Data Loss through Partial loss of keys in Azure Cache for Redis

Server Management Service

Azure Cache for Redis is a fully managed, in-memory cache that enables high-performance and scalable architectures.

Here at Ibmi Media, as part of our Server Management Services, we regularly help our Customers to fix Redis related errors.

In this context, we will look into the main causes of data loss in Azure Cache for Redis.

Types of data loss in Azure Cache for Redis?

Azure Cache for Redis can be used as a distributed data or content cache, a session store, a message broker, and more.

Some forms of data loss in Azure Cache for Redis include:

i. Partial loss of keys

ii. Major or complete loss of keys

Data Loss through Partial loss of keys in Azure Cache for Redis

Azure Cache for Redis removes keys in response to expiration or eviction policies and to explicit key-deletion commands.

Keys that have been written to the primary node in a Premium or Standard Azure Cache for Redis instance also might not be available on a replica right away.

Data replication from the primary to the replica is in an asynchronous and non-blocking manner.

Thus, if you find that keys have disappeared from your cache, check the following possible causes:

i. Key expiration: Keys removed because of time-outs set on them.

ii. Key eviction: Keys removed under memory pressure.

iii. Async replication: Keys not available on a replica because of data-replication delays.

iv. Key deletion: Keys removed by explicit delete commands.

Let us now look at each of these scenarios in detail.

Key expiration

Azure Cache for Redis removes a key automatically if it completes its time-out value. The SET, SETEX, GETSET, and other STORE commands help us to use the time-out value.

To get stats on the expired keys, use the INFO command. The Stats section shows the total number of expired keys.

The Keyspace section provides more information about the number of keys with time-outs and the average time-out value.

# Stats

expired_keys:46583

# Keyspace

db0:keys=3450,expires=2,avg_ttl=91861015336

We can also look at diagnostic metrics for the cache, to see if there is a correlation between when the key went missing and a spike in expired keys.

Key eviction

When Azure Cache for Redis requires memory space to store data, it purges keys to free up available memory.

This happens when the used_memory or used_memory_rss values in the INFO command approach the configured max memory setting.

Azure Cache for Redis here, starts evicting keys from memory based on cache policy.

We can monitor the number of evicted keys by using the INFO command:

# Stats

evicted_keys:13224

We can also look at diagnostic metrics for the cache, to see if there is a correlation between missing key and a spike in evicted keys.

Key deletion

Redis clients can issue the DEL or HDEL command to explicitly remove keys from Azure Cache for Redis.

We can track the number of delete operations by using the INFO command.
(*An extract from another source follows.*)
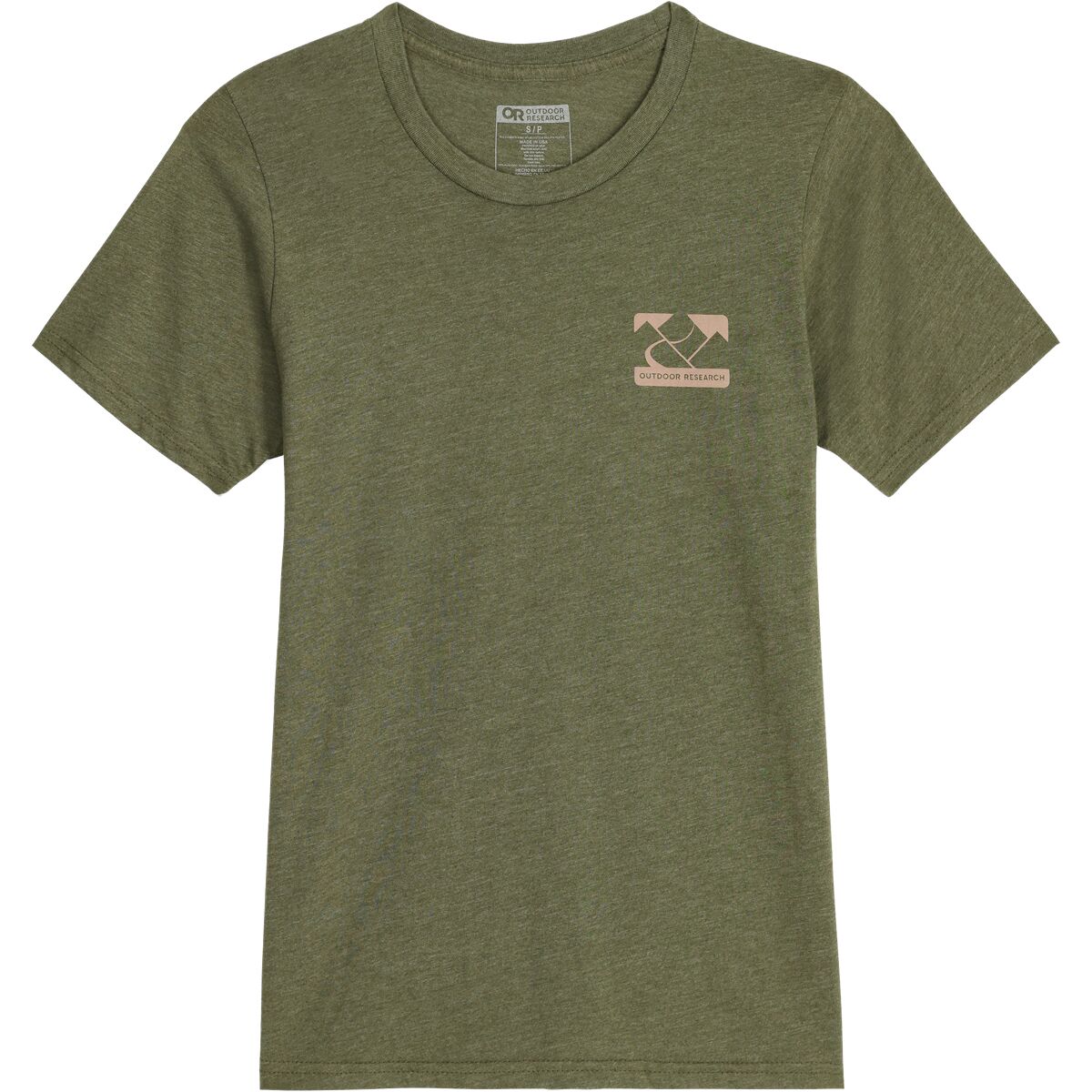 Outdoor Research｜ (Switchback Logo T-Shirt (301018-0001 Outdoor Research Switchback Logo T-Shirt - Clothing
The Commandstats section shows these details on the DEL or HDEL commands:

# Commandstats

cmdstat_del:calls=2,usec=90,usec_per_call=45.00
cmdstat_hdel:calls=1,usec=47,usec_per_call=47.00

Async replication

Any Azure Cache for Redis instance in the Standard or Premium tier contains a primary node and at least one replica. Background processes asynchronously copy data from the primary to a replica.

As this replication is not always instantaneous, partial data loss can occur for scenarios where clients write to Redis frequently.

For example, let us assume that the primary goes down after a client writes a key to it. If the background process did not get a chance to send that key to the replica, it loses the key when the replica takes over as the new primary.

Data Loss through Major or complete loss of keys in Azure Cache for Redis

At times, most or all keys disappears from the cache due to reasons like:

i. Key flushing: Keys purged manually.

ii. Incorrect database selection: Azure Cache for Redis set to use a non-default database.

iii. Redis instance failure: The Redis server is unavailable.

Let us now look at each of these scenarios in detail.

Key flushing

Clients can call the FLUSHDB command to remove all keys in a single database or FLUSHALL to remove all keys from all databases in a Redis cache.

To find out whether keys have been flushed, use the INFO command. The Commandstats section shows whether either FLUSH command has been called:

# Commandstats

cmdstat_flushall:calls=2,usec=112,usec_per_call=56.00
cmdstat_flushdb:calls=1,usec=110,usec_per_call=52.00

Incorrect database selection

Azure Cache for Redis uses the db0 database by default. If we switch to another database (for example, db1) and try to read keys from it, Azure Cache for Redis will not find them there.

Every database is a logically separate unit and holds a different dataset. Use the SELECT command to use other available databases and look for keys in each of them.

Redis instance failure

Redis keeps data on the physical or virtual machines that host the Redis cache. An Azure Cache for Redis instance in the Basic tier runs on only a single virtual machine (VM). If that VM is down, we will lose the entire data stored in the cache.

Caches in the Standard and Premium tiers offer much higher resiliency against data loss by using two VMs in a replicated configuration. When the primary node in such a cache fails, the replica node takes over to serve data automatically.